GIVEN INFORMATION:

"""

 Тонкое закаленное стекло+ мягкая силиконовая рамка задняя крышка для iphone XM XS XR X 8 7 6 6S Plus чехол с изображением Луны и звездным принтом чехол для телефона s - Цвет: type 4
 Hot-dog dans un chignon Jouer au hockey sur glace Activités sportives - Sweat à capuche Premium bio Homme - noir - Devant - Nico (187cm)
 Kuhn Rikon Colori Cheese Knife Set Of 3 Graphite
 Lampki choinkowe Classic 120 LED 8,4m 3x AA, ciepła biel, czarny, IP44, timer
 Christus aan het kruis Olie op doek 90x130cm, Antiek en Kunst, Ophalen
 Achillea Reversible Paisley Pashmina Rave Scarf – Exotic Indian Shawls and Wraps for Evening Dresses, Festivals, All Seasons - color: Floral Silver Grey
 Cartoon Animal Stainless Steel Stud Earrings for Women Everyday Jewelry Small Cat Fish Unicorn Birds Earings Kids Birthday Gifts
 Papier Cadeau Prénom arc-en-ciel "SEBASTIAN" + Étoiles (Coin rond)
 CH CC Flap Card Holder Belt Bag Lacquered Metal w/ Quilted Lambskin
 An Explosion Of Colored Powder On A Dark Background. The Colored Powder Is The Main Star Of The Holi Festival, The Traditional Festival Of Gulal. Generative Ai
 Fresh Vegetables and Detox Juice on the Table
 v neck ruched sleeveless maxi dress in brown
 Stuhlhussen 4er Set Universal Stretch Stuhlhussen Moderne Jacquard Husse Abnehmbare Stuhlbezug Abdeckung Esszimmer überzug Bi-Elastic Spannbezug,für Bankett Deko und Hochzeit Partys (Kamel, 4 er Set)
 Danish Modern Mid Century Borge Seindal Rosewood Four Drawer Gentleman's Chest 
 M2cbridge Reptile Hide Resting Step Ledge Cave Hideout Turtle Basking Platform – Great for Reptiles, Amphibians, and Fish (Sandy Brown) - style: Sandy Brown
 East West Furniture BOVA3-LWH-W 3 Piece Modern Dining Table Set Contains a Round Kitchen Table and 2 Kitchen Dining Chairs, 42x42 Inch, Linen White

"""

YOUR GOAL: Repeat all the records without altering a single word.

RESULT OF THIS TASK:
 Тонкое закаленное стекло+ мягкая силиконовая рамка задняя крышка для iphone XM XS XR X 8 7 6 6S Plus чехол с изображением Луны и звездным принтом чехол для телефона s - Цвет: type 4
 Hot-dog dans un chignon Jouer au hockey sur glace Activités sportives - Sweat à capuche Premium bio Homme - noir - Devant - Nico (187cm)
 Kuhn Rikon Colori Cheese Knife Set Of 3 Graphite
 Lampki choinkowe Classic 120 LED 8,4m 3x AA, ciepła biel, czarny, IP44, timer
 Christus aan het kruis Olie op doek 90x130cm, Antiek en Kunst, Ophalen
 Achillea Reversible Paisley Pashmina Rave Scarf – Exotic Indian Shawls and Wraps for Evening Dresses, Festivals, All Seasons - color: Floral Silver Grey
 Cartoon Animal Stainless Steel Stud Earrings for Women Everyday Jewelry Small Cat Fish Unicorn Birds Earings Kids Birthday Gifts
 Papier Cadeau Prénom arc-en-ciel "SEBASTIAN" + Étoiles (Coin rond)
 CH CC Flap Card Holder Belt Bag Lacquered Metal w/ Quilted Lambskin
 An Explosion Of Colored Powder On A Dark Background. The Colored Powder Is The Main Star Of The Holi Festival, The Traditional Festival Of Gulal. Generative Ai
 Fresh Vegetables and Detox Juice on the Table
 v neck ruched sleeveless maxi dress in brown
 Stuhlhussen 4er Set Universal Stretch Stuhlhussen Moderne Jacquard Husse Abnehmbare Stuhlbezug Abdeckung Esszimmer überzug Bi-Elastic Spannbezug,für Bankett Deko und Hochzeit Partys (Kamel, 4 er Set)
 Danish Modern Mid Century Borge Seindal Rosewood Four Drawer Gentleman's Chest 
 M2cbridge Reptile Hide Resting Step Ledge Cave Hideout Turtle Basking Platform – Great for Reptiles, Amphibians, and Fish (Sandy Brown) - style: Sandy Brown
 East West Furniture BOVA3-LWH-W 3 Piece Modern Dining Table Set Contains a Round Kitchen Table and 2 Kitchen Dining Chairs, 42x42 Inch, Linen White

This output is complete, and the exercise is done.